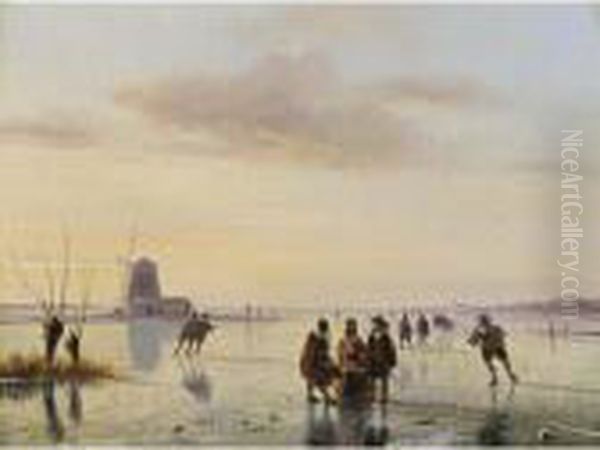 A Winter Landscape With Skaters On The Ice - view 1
---
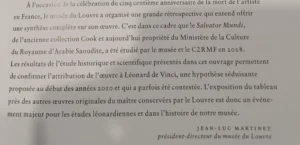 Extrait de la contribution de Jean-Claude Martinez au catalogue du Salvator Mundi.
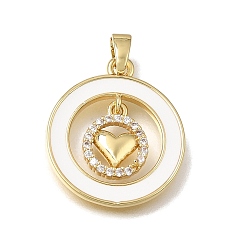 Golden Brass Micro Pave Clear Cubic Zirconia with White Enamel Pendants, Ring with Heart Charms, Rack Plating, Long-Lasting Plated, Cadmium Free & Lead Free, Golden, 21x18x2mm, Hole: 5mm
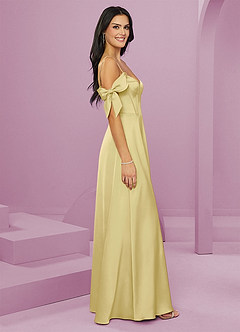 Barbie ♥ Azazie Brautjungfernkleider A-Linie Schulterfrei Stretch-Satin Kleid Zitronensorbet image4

• ABOUT THIS TASK: From the records above, write out exactly the lines that begin at the line with "Extrait de la" and end at the line with "Barbie ♥ Azazie". Pictures must not appear in the output.

• YOUR SOLUTION:
 Extrait de la contribution de Jean-Claude Martinez au catalogue du Salvator Mundi.
 Golden Brass Micro Pave Clear Cubic Zirconia with White Enamel Pendants, Ring with Heart Charms, Rack Plating, Long-Lasting Plated, Cadmium Free & Lead Free, Golden, 21x18x2mm, Hole: 5mm
 Barbie ♥ Azazie Brautjungfernkleider A-Linie Schulterfrei Stretch-Satin Kleid Zitronensorbet image4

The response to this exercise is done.